I don't know if it would actually work, but I imagine a multiclass rogue would get a fair mileage out of wielding a dagger in the off hand. Fighters might also dual-wield to get more bang out of those powers that gain bonuses when using certain weapons.

Rutee
2008-06-06, 01:29 PM
TWF is actually not that bad, I felt. Not optimal, but not "Your character now sucks". Plus, you can multi into Ranger and pick up some of the moves that better credit an offhand.

Spiryt
2008-06-06, 01:35 PM
How exactly it "suck" ?

What advantages fighting with one larger weapon or sword and shield have over it?

About "rangers only" two weapon fighting - it's the one of the "powers" system shortcomings it seems.
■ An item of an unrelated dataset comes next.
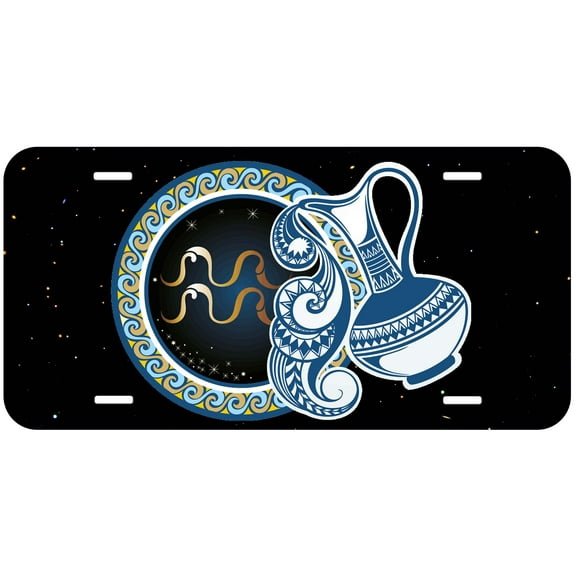 Aquarius Zodiac Sign Novelty Car Auto License Plate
Although I don't know why couldn't they just some TWF powers to paladins and fighters as well.

Zocelot
2008-06-06, 01:36 PM
TWF is actually not that bad, I felt. Not optimal, but not "Your character now sucks". Plus, you can multi into Ranger and pick up some of the moves that better credit an offhand.

Multiclassing into ranger only gives you hunter's quarry 1/encounter and training in nature.

It's powerful, especially against solo's/elites (I made a warlock who's entire strategy is hunter's quarry+warlocks curse+eldritch blast), but it has nothing to do with bows or two weapons.

I guess you could go instead of a paragon path, but that seems pretty debilitating. The same amount of same powered abilities, but with no class features...

Attilargh
2008-06-06, 01:40 PM
Multiclassing into ranger only gives you hunter's quarry 1/encounter and training in nature.
At which point you pick up a Power-swap Feat or three, conveniently located on the next page.

Tyger
2008-06-06, 01:40 PM
Yes, but both of those races can wield weapons one sized larger as if they were sized for them.

EDIT: Weird. That was supposed to be a response to Indon's "there are no large sized critters" post... my telepathy must be mis-firing again. :)

Nohwl
2008-06-06, 01:40 PM
Who hasn't put thought into making a dual bastard sword wielding character, then given up because the rules made them suck?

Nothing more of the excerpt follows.